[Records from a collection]
▶

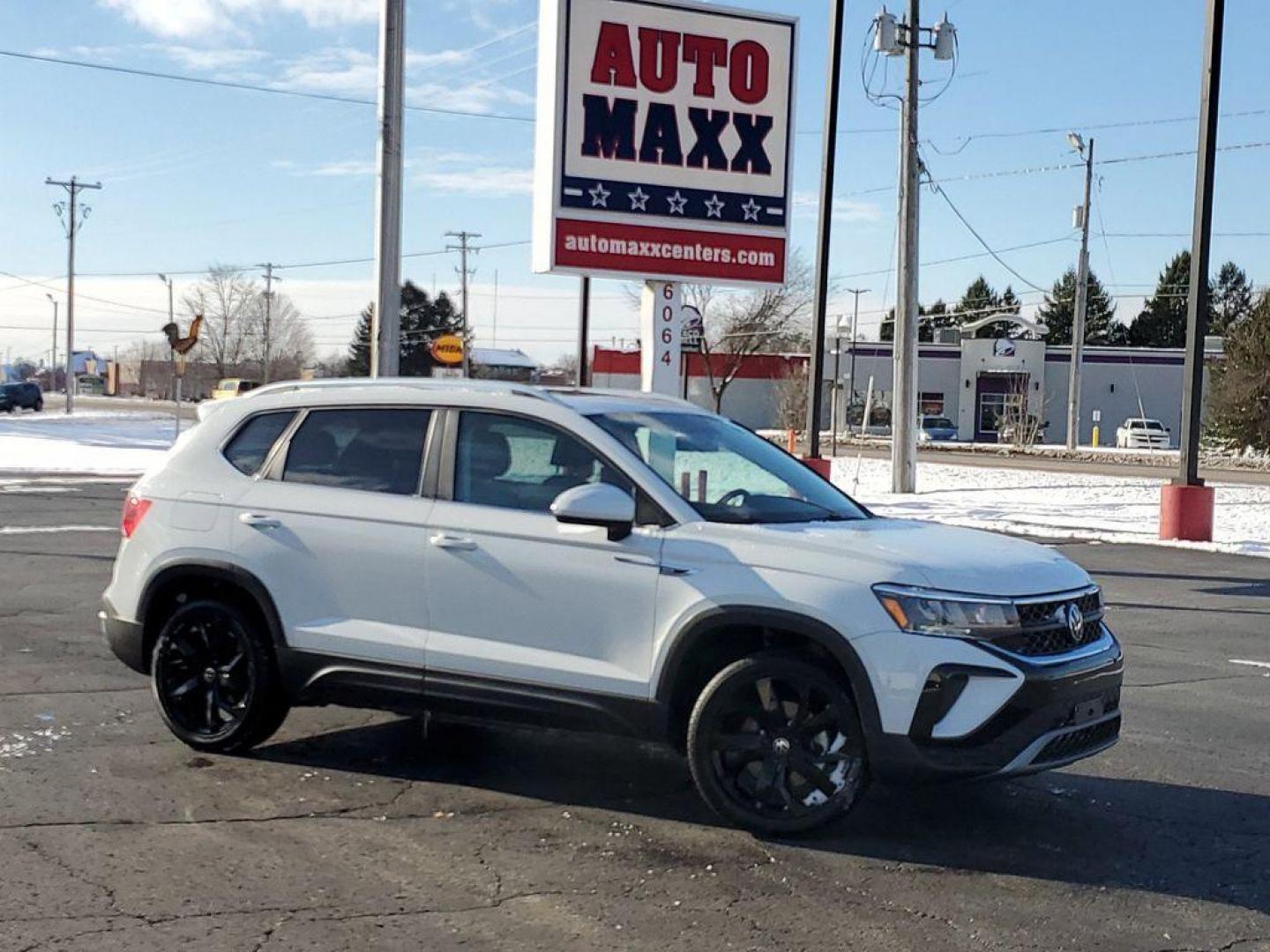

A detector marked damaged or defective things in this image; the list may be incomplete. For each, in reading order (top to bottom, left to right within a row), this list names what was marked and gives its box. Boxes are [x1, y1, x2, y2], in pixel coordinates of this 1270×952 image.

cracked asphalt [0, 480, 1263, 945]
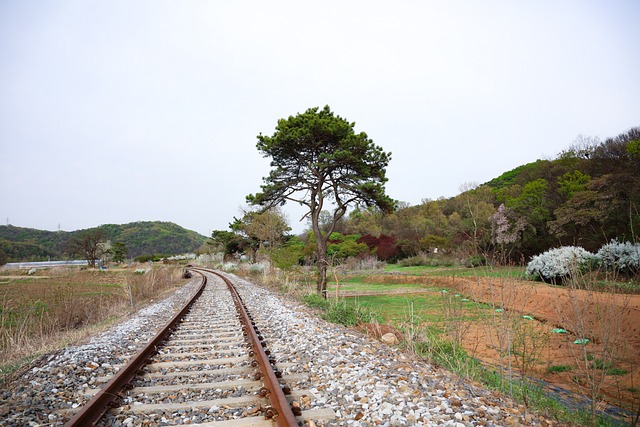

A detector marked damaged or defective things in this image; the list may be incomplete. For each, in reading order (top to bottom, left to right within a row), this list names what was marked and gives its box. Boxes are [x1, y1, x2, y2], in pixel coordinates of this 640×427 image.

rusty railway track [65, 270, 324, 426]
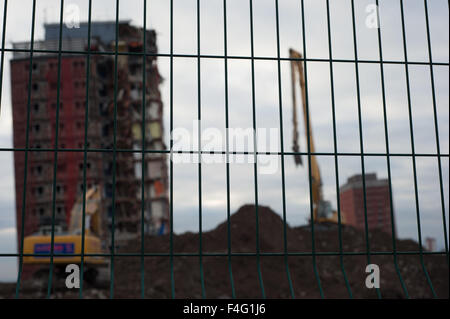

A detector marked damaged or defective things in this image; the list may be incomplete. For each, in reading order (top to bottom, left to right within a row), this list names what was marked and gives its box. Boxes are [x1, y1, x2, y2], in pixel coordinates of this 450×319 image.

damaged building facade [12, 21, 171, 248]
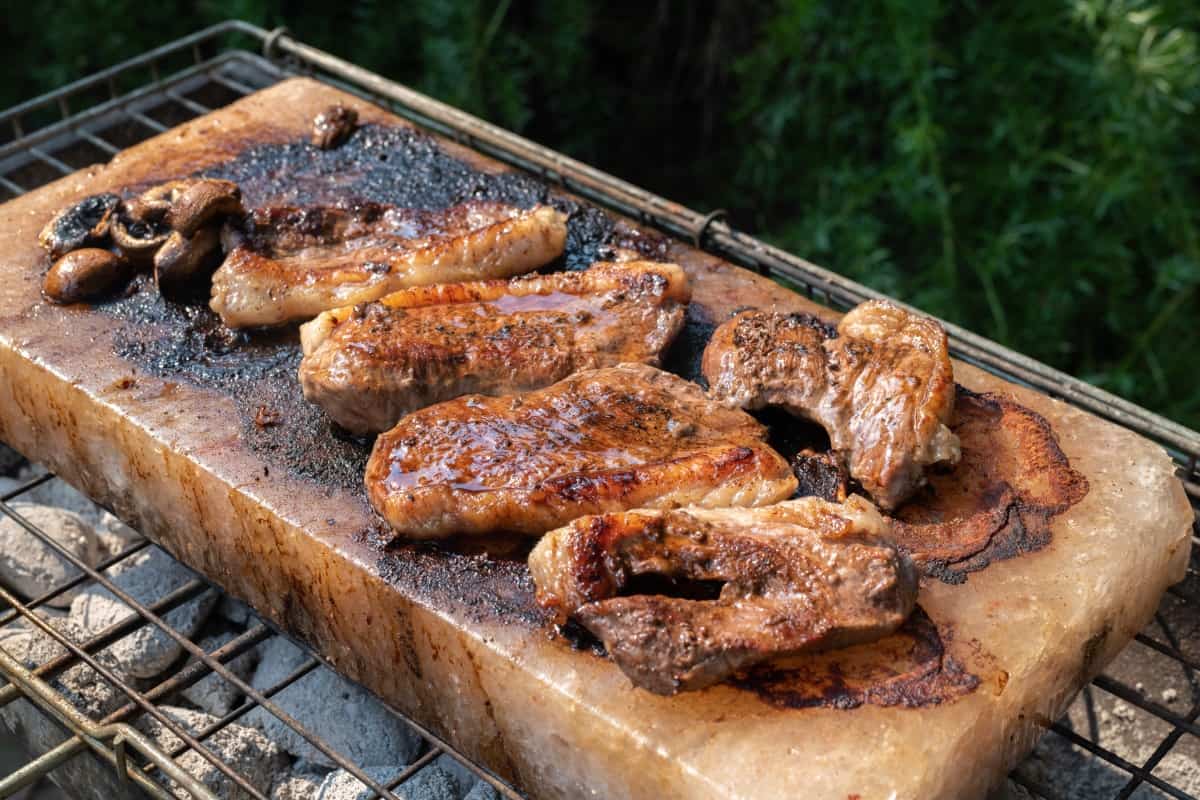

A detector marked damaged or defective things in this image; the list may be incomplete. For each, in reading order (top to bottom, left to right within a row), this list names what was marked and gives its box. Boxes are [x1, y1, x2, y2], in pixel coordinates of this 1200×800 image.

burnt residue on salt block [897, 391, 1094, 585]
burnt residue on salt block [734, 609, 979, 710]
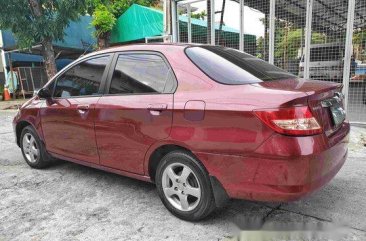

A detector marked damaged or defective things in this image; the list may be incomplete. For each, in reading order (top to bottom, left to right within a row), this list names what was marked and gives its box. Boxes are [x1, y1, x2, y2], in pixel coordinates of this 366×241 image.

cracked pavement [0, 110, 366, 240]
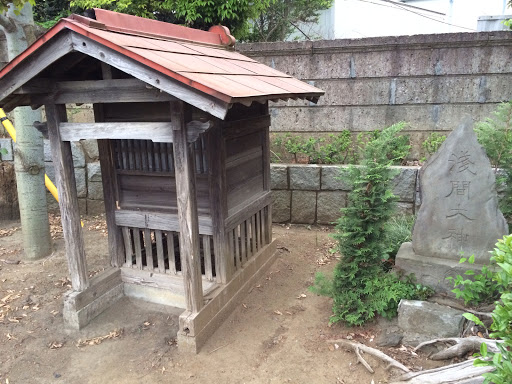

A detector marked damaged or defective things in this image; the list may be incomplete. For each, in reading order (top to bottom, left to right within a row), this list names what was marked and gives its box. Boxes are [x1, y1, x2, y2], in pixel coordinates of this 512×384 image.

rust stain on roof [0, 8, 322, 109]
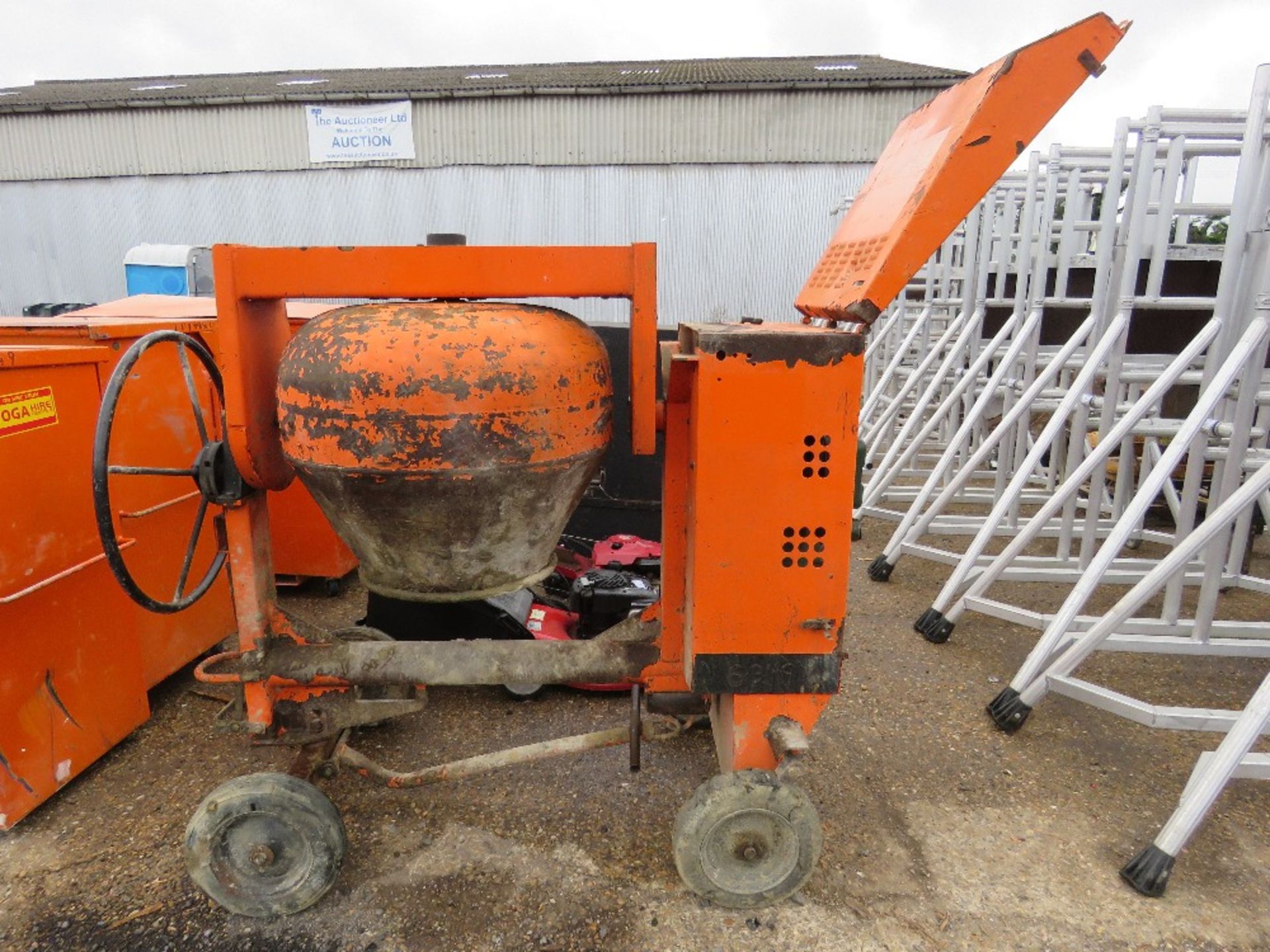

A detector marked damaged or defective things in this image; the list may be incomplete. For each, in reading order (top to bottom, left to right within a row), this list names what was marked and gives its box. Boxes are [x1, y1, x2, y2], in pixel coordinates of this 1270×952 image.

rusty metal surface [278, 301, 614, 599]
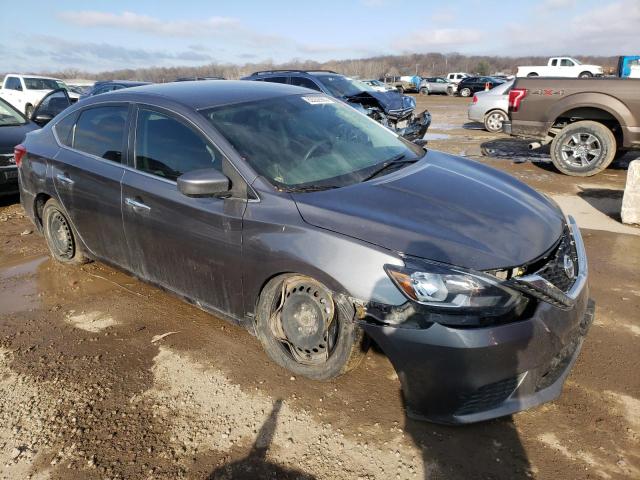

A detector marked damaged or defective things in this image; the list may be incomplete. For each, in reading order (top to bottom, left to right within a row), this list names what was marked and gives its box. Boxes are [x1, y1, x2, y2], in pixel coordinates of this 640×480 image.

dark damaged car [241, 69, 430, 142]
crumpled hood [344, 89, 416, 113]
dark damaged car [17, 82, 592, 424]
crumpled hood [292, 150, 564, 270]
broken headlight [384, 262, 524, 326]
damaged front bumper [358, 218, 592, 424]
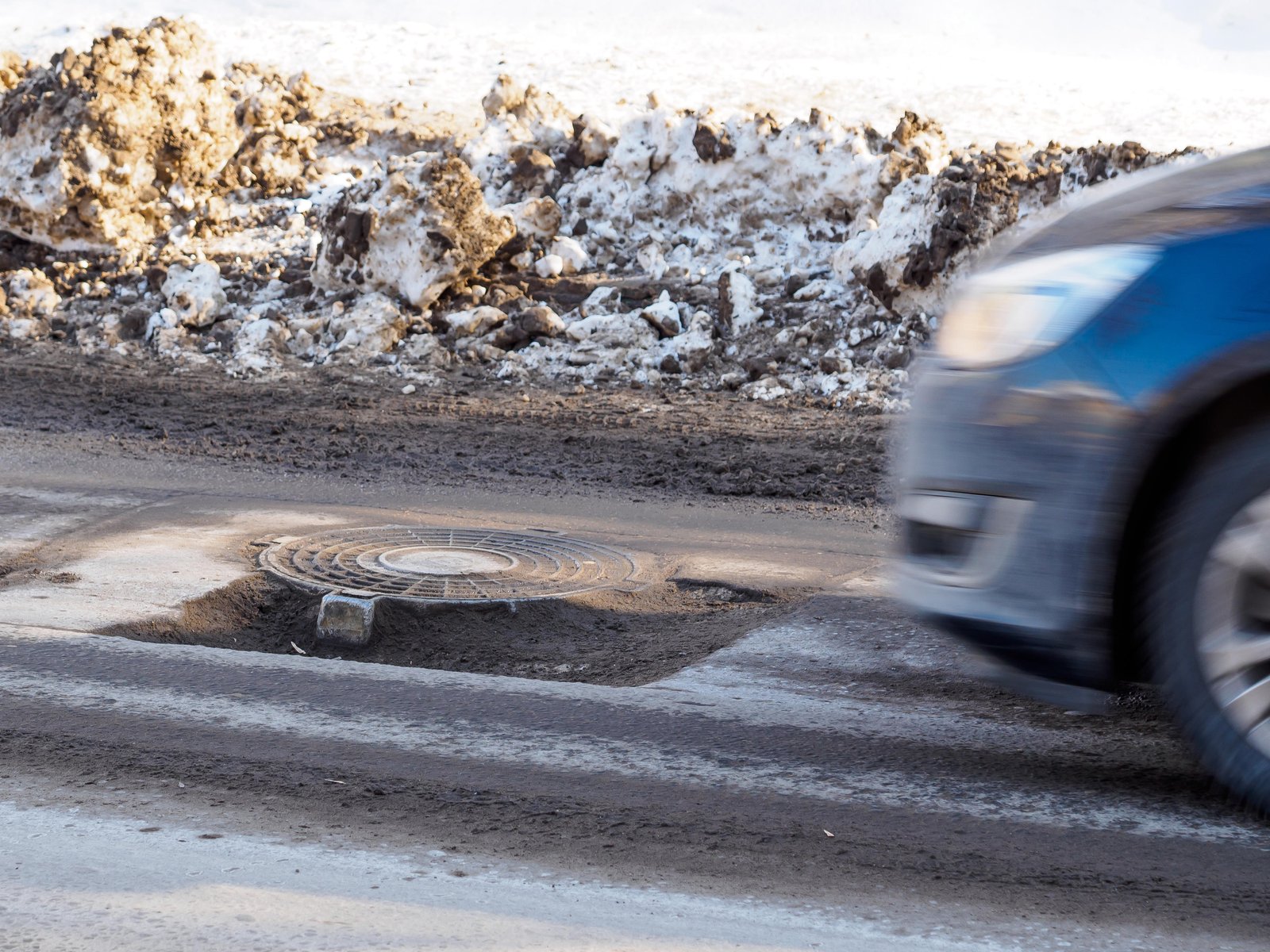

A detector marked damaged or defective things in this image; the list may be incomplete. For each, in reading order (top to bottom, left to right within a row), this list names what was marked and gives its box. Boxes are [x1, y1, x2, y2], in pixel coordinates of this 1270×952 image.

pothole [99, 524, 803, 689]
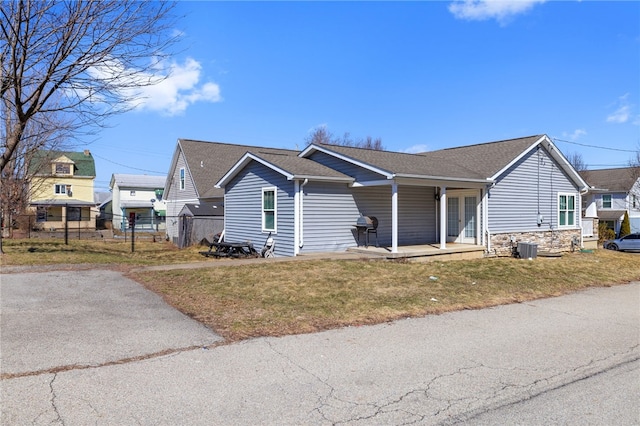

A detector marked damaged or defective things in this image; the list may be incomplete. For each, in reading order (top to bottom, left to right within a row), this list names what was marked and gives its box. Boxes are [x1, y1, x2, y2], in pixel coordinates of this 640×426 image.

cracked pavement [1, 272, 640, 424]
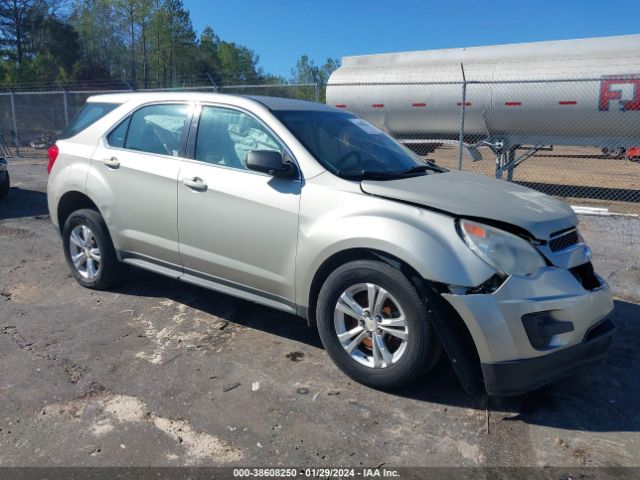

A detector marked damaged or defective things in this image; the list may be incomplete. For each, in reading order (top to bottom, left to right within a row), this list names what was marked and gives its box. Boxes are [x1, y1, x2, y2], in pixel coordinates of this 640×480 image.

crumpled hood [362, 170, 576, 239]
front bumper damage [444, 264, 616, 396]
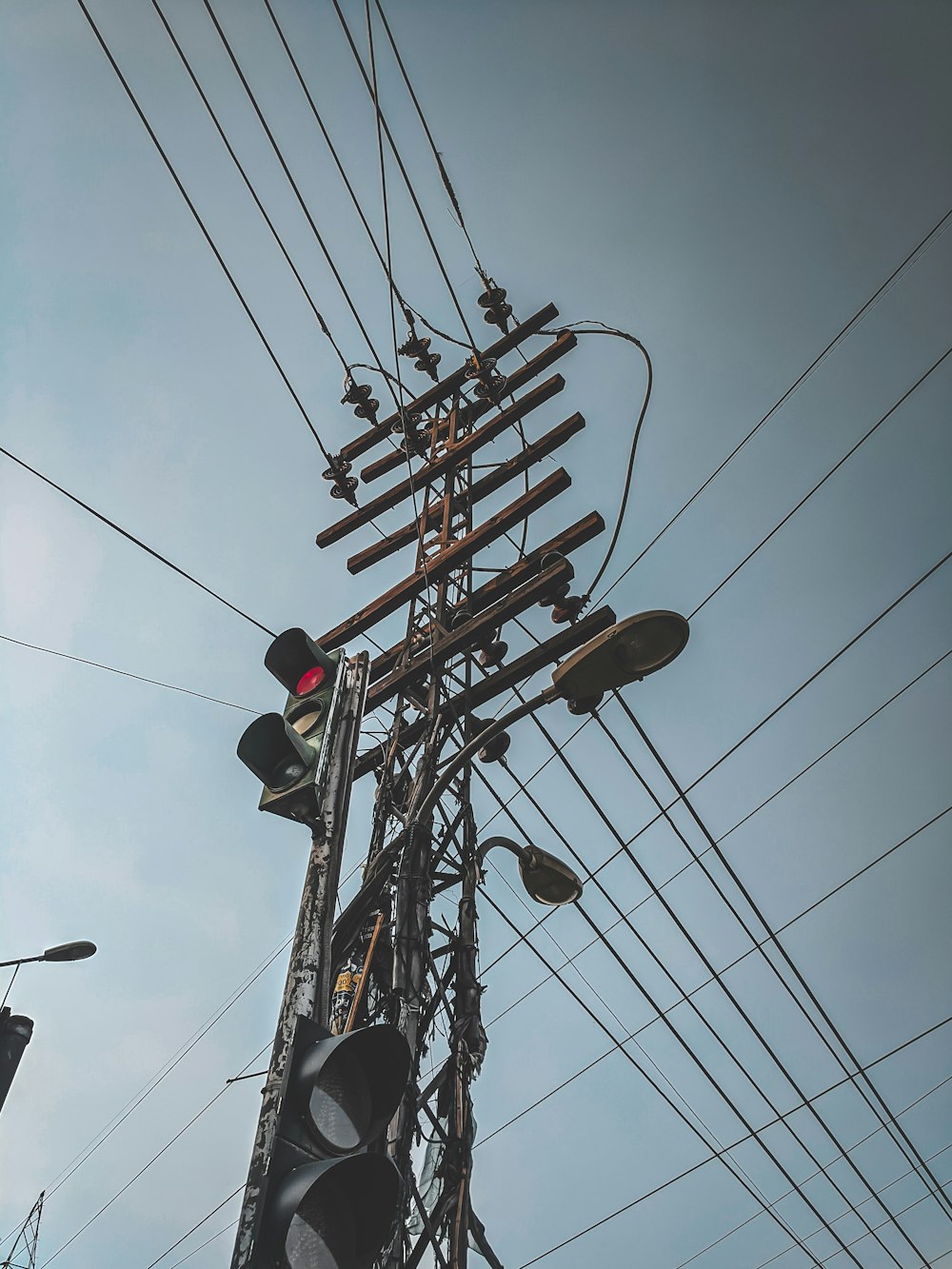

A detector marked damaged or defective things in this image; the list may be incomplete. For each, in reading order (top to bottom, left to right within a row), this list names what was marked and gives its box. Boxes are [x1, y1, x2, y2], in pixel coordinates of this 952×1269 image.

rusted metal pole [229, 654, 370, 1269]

◀

• [Aim of the exercise]:
Reprint every record exactly and skip the pictures.

• [Answer for this exercise]:
A detector marked damaged or defective things in this image; the list may be incomplete. For each, in reading order (top to bottom, left to right within a row), this list names what was marked and gives its box. Boxes are [x1, y1, x2, y2], in pixel coordinates of this 1270×952 image.

cracked asphalt [0, 480, 1263, 945]

A detector marked damaged or defective things in this image; the list may be incomplete. For each, in reading order (top to bottom, left to right within a row), this list names what was marked and gives its box. Boxes are [x1, y1, x2, y2], in pixel coordinates of this 640×427 image.

rusty railway track [65, 270, 324, 426]

A detector marked damaged or defective things in this image; the list may be incomplete. For each, in reading order (top to bottom, left to right within a row), this list names what was marked and gives its box. Boxes are [x1, y1, x2, y2], in pixel coordinates of this 450×319 image.

damaged building facade [12, 21, 171, 248]

A detector marked damaged or defective things in this image; the list may be incomplete. For each, in reading order (top to bottom, left to right within a row), this list names what was marked and gives its box. Boxes are [x1, y1, x2, y2], in pixel coordinates of this 1200×800 image.

burnt residue on salt block [897, 391, 1094, 585]
burnt residue on salt block [734, 609, 979, 710]

A detector marked damaged or defective things in this image; the list may be incomplete. For each, in reading order (top to bottom, left to right within a row), this list names what was marked and gives its box. Boxes are [x1, y1, x2, y2], in pixel coordinates of this 366×241 image.

cracked pavement [0, 110, 366, 240]

A detector marked damaged or defective things in this image; the list may be incomplete. For each, in reading order (top to bottom, left to right within a row), this list names what was marked and gives its box. Boxes are [x1, y1, x2, y2], in pixel coordinates of this 512×384 image.

rust stain on roof [0, 8, 322, 109]

A detector marked damaged or defective things in this image; the list may be incomplete. For each, in reading order (top to bottom, left to right within a row), this list names what was marked and gives its box. Boxes are [x1, y1, x2, y2], in pixel coordinates of this 1270×952 image.

rusty metal surface [278, 301, 614, 599]

A detector marked damaged or defective things in this image; the list may be incomplete. For each, in reading order (top to bottom, left to right within a row), this list names what was marked and gives its box. Boxes are [x1, y1, x2, y2], in pixel coordinates of this 640×480 image.

dark damaged car [241, 69, 430, 142]
crumpled hood [344, 89, 416, 113]
dark damaged car [17, 82, 592, 424]
crumpled hood [292, 150, 564, 270]
broken headlight [384, 262, 524, 326]
damaged front bumper [358, 218, 592, 424]

A detector marked damaged or defective things in this image; the list may be incomplete. For each, in reading order (top to bottom, left to right within a row), this list names what was marked and gives its box. Boxes are [x1, y1, x2, y2], in pixel coordinates of this 1270×952 image.

pothole [99, 524, 803, 689]

A detector marked damaged or defective things in this image; the list may be incomplete. For each, in reading order (top to bottom, left to right within a row), this list names what was marked and gives its box. Boxes are [x1, y1, x2, y2], in pixel coordinates of this 640×426 image.

cracked pavement [1, 272, 640, 424]

A detector marked damaged or defective things in this image; the list may be incomplete. For each, in reading order (top to bottom, left to right within a row), this list names what was marked and gives its box. Boxes are [x1, y1, x2, y2], in pixel coordinates of this 640×480 image.

crumpled hood [362, 170, 576, 239]
front bumper damage [444, 264, 616, 396]

A detector marked damaged or defective things in this image; the list may be incomplete. For each, in reading order (top to bottom, left to right within a row), this list names what was marked and gives its box. Boxes are [x1, y1, x2, y2], in pixel coordinates of this 952×1269 image.

rusted metal pole [229, 654, 370, 1269]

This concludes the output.